Bu hadîs-i şerîfin söylenmesine şöyle bir olayın sebep olduğu anlatılır:

Sahâbîlerden biri, Ümmü Kays adlı bir hanımla evlenmek ister. Fakat o günlerde Ümmü Kays Medine’ye hicret etmeyi düşünmektedir. Kendisiyle evlenmek isteyen sahâbîye, niyeti ciddî ise Medine’ye hicret etmeyi ve orada evlenmeyi teklif eder.

Mekke’deki kurulu düzenini terketmeyi henüz düşünmeyen o sahâbî Ümmü Kays’la evlenmek arzusuyla Medine’ye hicret etmek zorunda kalır. Bu durumu bilen sahâbîler, Ümmü Kays’ın muhâciri anlamında “Muhâciru Ümmü Kays” diye takıldıkları o zâtın, hicret sevabı kazanıp kazanmadığını tartışmaya başlarlar. İşte o zaman Allah Rasûlü sallallahu aleyhi ve sellem, bu hadîs-i şerîfle meseleye açıklık getirerek herkesin niyetine göre sevap kazanacağını belirtir.

Sohbetten Öğrendiklerimiz:

1. Yapılan işlerden sevap kazanabilmek için o işlere iyi niyetle başlamak gerekir.

2. Niyetin kalben yapılması önemli olduğu için, bunu ayrıca dille söylemek şart değildir.

3. Allah rızası gözetilmeden yapılan işlerden sevap kazanılamaz.

4. İnsan göründüğü gibi olmalı, dünyevî bir çıkar için dini kullanmamalıdır.

5. İhlâs, niyet sağlamlığı demektir.

6. Hadis-i şerifte niyyetin imandan olduğuna delil vardır.
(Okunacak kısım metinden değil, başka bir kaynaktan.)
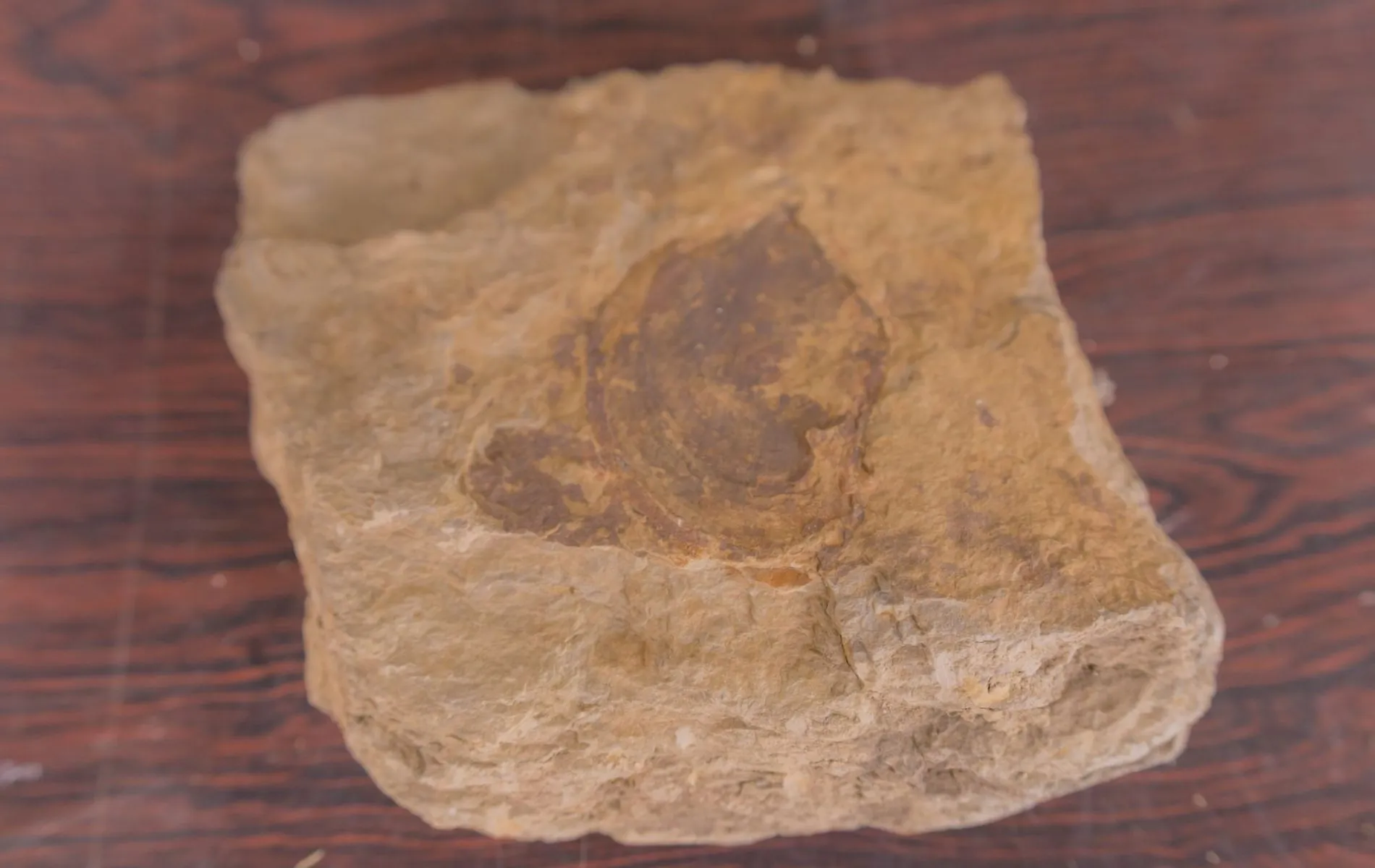 Actinopteria grahni
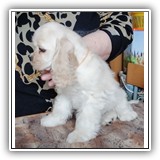 Antaleks Star Was Born () 2 months.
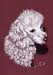 Hund_Pudel_Kreide_2006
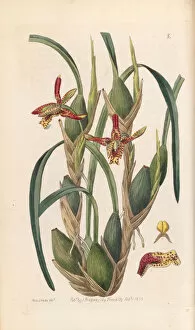 Botanical Gallery: Maxillaria tenuifolia, 1839
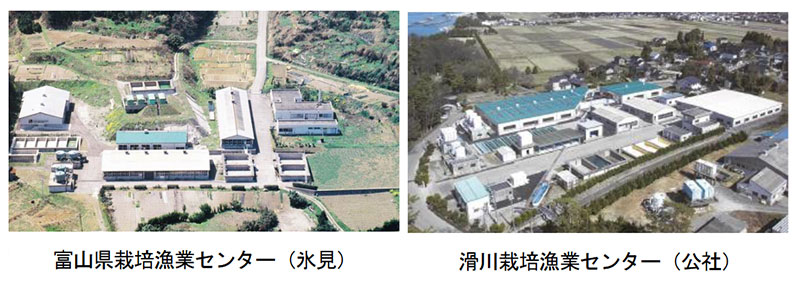 富山県における栽培漁業センター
Çünkü niyyet kalbin amelidir. İman da Ehl-i Sünnet ve'1-Cemaat'e göre kalb ile tasdik, dil ile ikrar ve rükünler ile amel etmektir. Bundan dolayı İmam Buhârî, bu ha­disi Kitâbu'l-İman'da zikretmiştir.

7. Hadis aynı şekilde müslümanın bir işi yapmaya kalkışmadan önce onun hükmünü bilmesi gerektiğine delildir. Yapacağı bu işin meşru' olup olmadığını, vacib mi müstehab mı olduğunu bilmelidir. Çünkü hadis-i şerif­te eğer o amel için meşru görülen niyyet bulunmayacak olursa, amelin ka­bul olunmayacağı belirtilmektedir.

8. Hadis-i şerif itaat olan amellerde niyyetin şart olduğuna ve niyyet ol­maksızın yapılan amellerin hiçbir değer taşımadığına delildir.